Start looking at your calendar and to-do lists first.
Take two to three minutes each morning to review your calendar. This is the stuff you’ve committed to accomplishing and is the best data regarding how much time you have in which to do other work during the day. After reviewing your calendar, look at your to-do lists. And that’s it. Doing a quick review of your calendar and lists before checking email increases your likelihood of doing the ‘right’ stuff throughout the day. You’ll review the new stuff with a clear view of what you’ve already deemed important.
Stop planning on doing 10 things in one day.
Most of us pretend that somehow, between six Zoom meetings, lunch, dozens of emails to plough through and home-schooling the kids, we will find a way to accomplish ten key tasks. It’s highly unlikely. When we give ourselves unrealistic daily goals, we set ourselves up for failure and frustration.
Start making a list of three things to accomplish each day.

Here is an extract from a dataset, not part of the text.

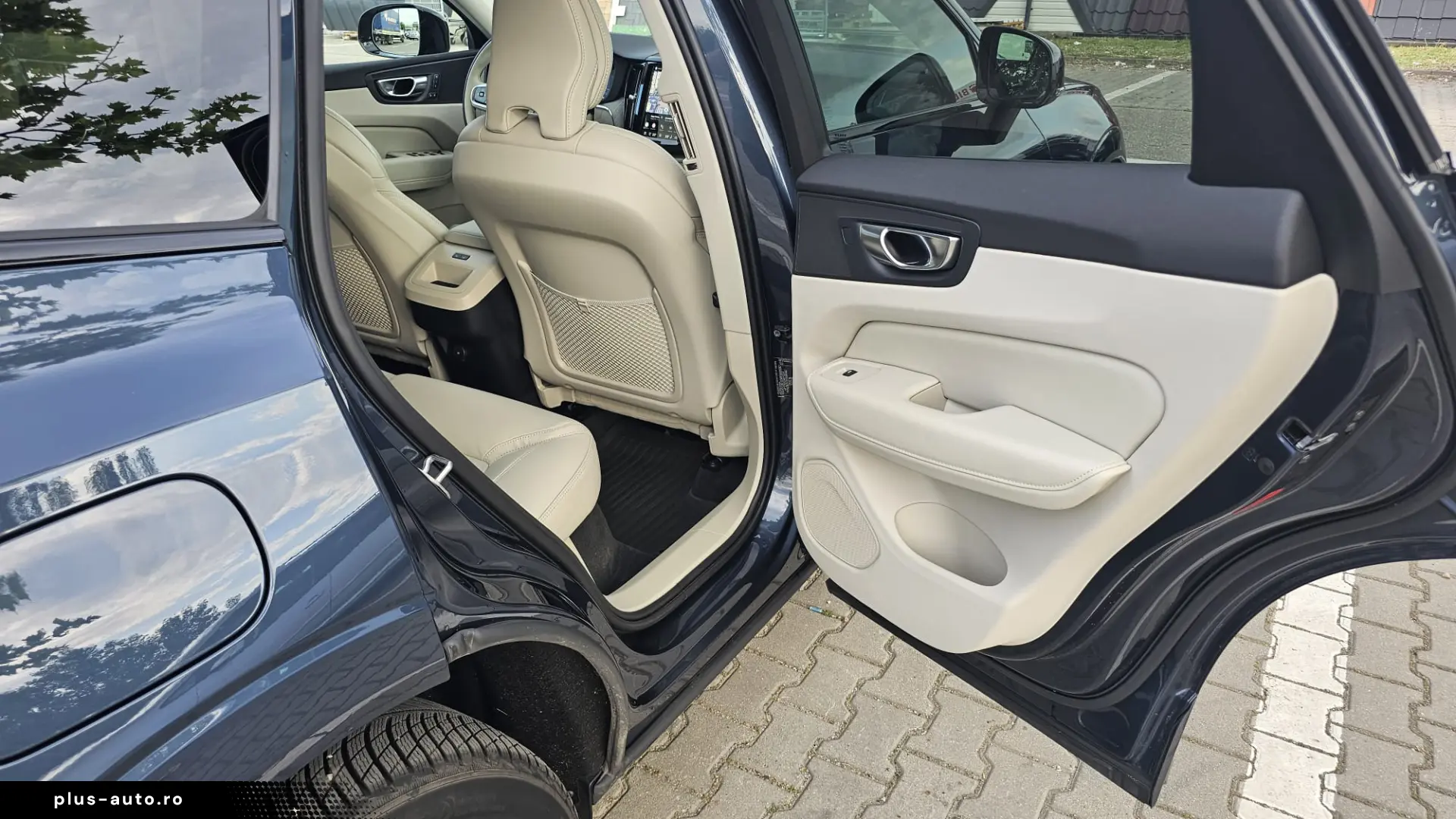 Volvo XC60 Plus Dark 2.0 B5 Mild Hybrid AWD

I’ve found you can usually accomplish three things well each day. And I’m not talking about mundane or routine tasks—I’m talking about three key items that will help important projects move forward. If you have extra time, great, you can always introduce a new task. But anything beyond three is dangerously ambitious.
Stop saying yes to everything.
Too often we think the word ‘yes” comes with magical powers. We think that by agreeing to every task that comes our way we’ll somehow be able to defy the odds and get it all done. It’s an illusion. Realise there is always more to be done than you can actually do. Stop saying ‘yes’haphazardly, believing you’ll figure out the details later. Help your future self by not overloading your plate.
Start declining requests and renegotiating commitments.
When someone makes a request, ask a few key questions so you fully understand what that request entails. If you can’t do it, you might say, “I’m very sorry, but I will need to decline that right now so I can focus on other key priorities.” Or you might renegotiate the request in terms of how much you do or by when. For example, “I can’t commit to having that completed by Friday, but I could start on it Friday and have it done the following Tuesday. Would that work?”
Stop multitasking email and work.
This is one reason you never clear your email inbox. Email volume is less important than how you manage it. When you start sorting emails and then spend 20 minutes on a project that pops up in one of the emails, you end up losing time. It’s true, sooner or later you’ll need to do that project. But it’s less efficient to do it in that moment. Processing email is one task, doing the work entailed in email is another. Don’t mix the two.
Schedule “email only” time for focus and efficiency.
Set aside time each day to be in ‘email mode.’ A time when you won’t do anything else but read each email and decide what the next action is. Then park the results of that decision on a list or a calendar and archive the email away. When you spend 45 minutes solely processing your inbox, for example, you get through more items, which allows you to populate your calendar and lists according to priorities, which then allows you to do more of the right stuff throughout the day.
Vermaak says that research has shown that by adopting habits we can yield compound returns, build a culture of continuous improvement, and align our behaviour with goals and values while increasing efficiency.
“Stress-free productivity is possible, but only if you control your incoming requests and existing projects rather than letting them control you,” says Vermaak. “It is possible to end the day feeling both exhausted and productive.”